DATASET RECORDS:
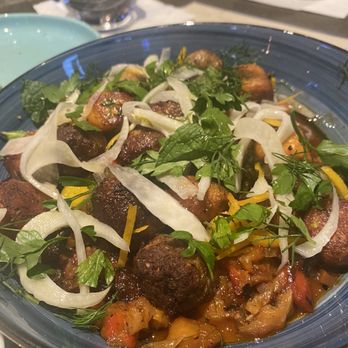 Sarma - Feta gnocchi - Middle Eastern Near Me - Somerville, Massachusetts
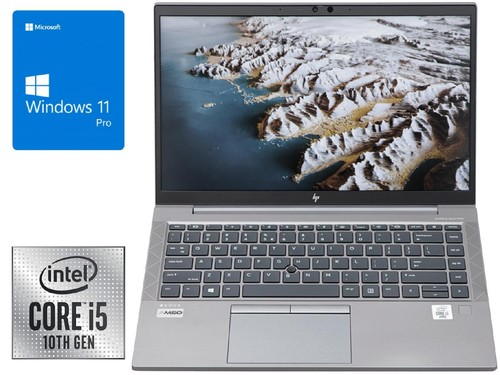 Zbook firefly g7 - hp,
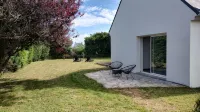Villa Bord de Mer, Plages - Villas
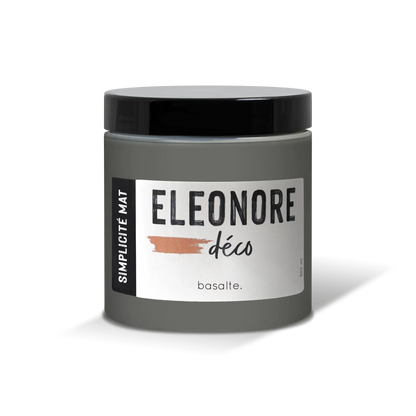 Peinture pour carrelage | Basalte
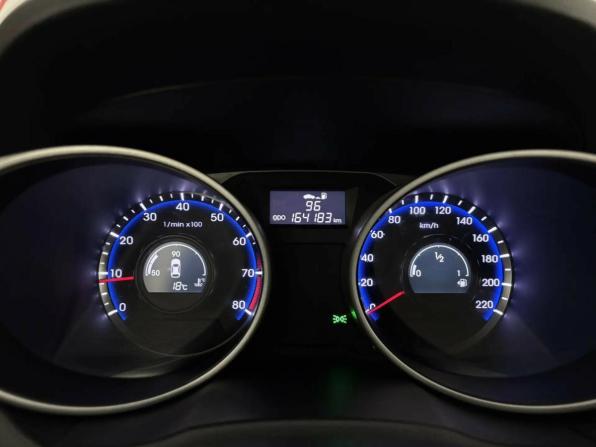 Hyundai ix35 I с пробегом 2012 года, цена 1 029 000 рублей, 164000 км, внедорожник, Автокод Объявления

==

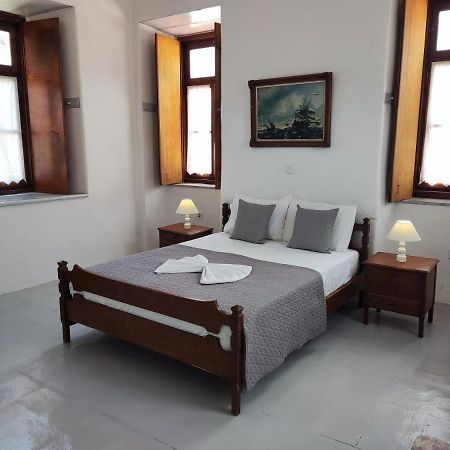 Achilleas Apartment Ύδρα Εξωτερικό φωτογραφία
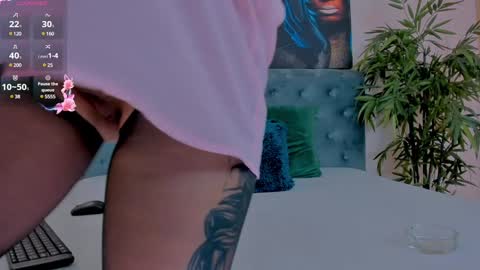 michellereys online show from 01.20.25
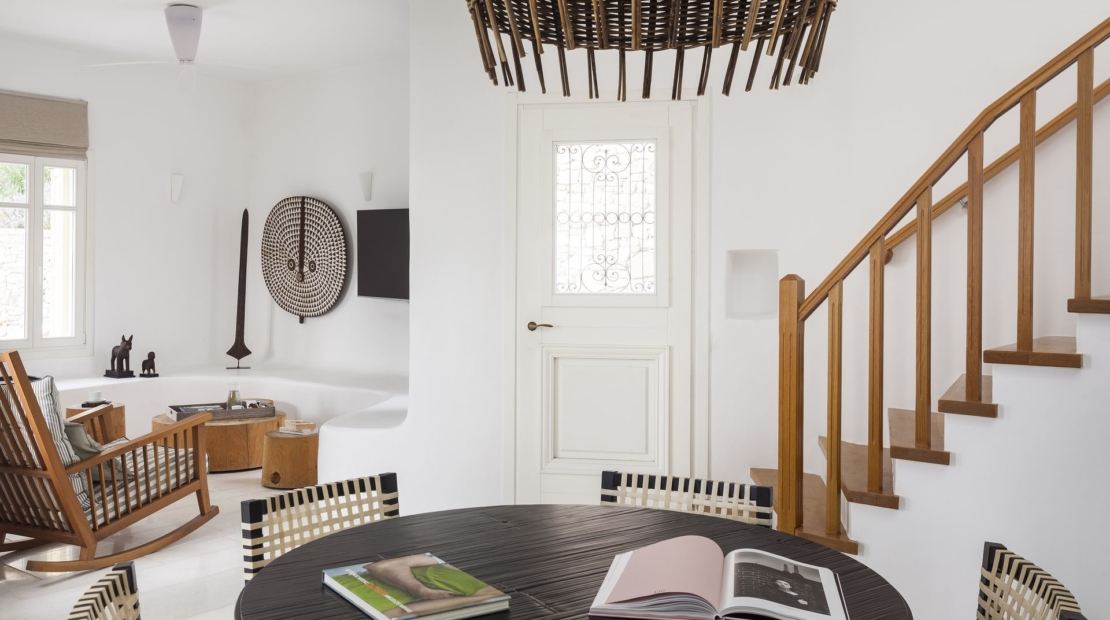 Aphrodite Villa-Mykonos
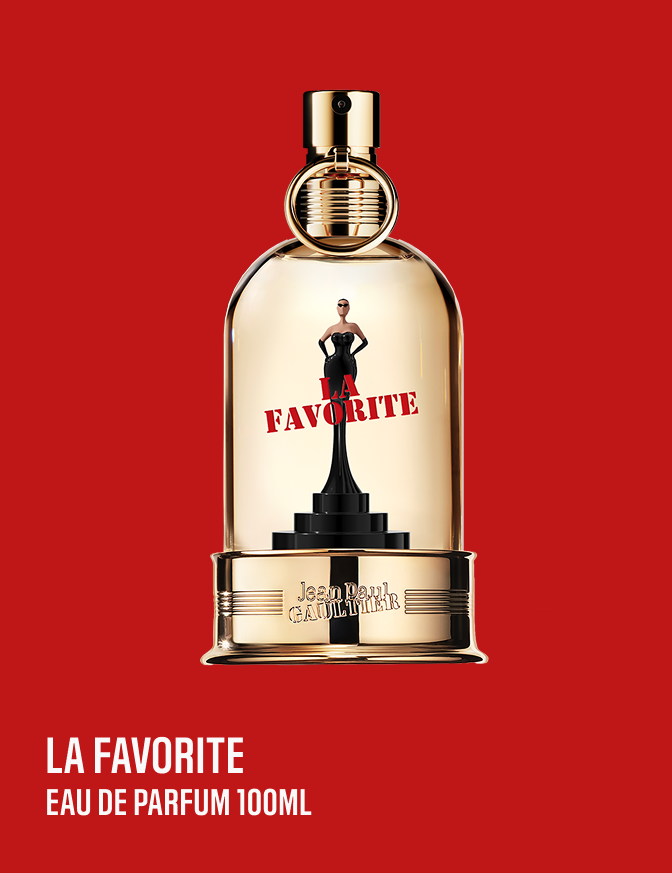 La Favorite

PROMPT:
Write out exactly the run of lines above that starts at the line containing "Peinture pour carrelage | Basalte" and ends at the line containing "Hyundai ix35 I". Include both, and leave the pictures out.

SOLUTION TO THIS TASK:
 Peinture pour carrelage | Basalte
 Hyundai ix35 I с пробегом 2012 года, цена 1 029 000 рублей, 164000 км, внедорожник, Автокод Объявления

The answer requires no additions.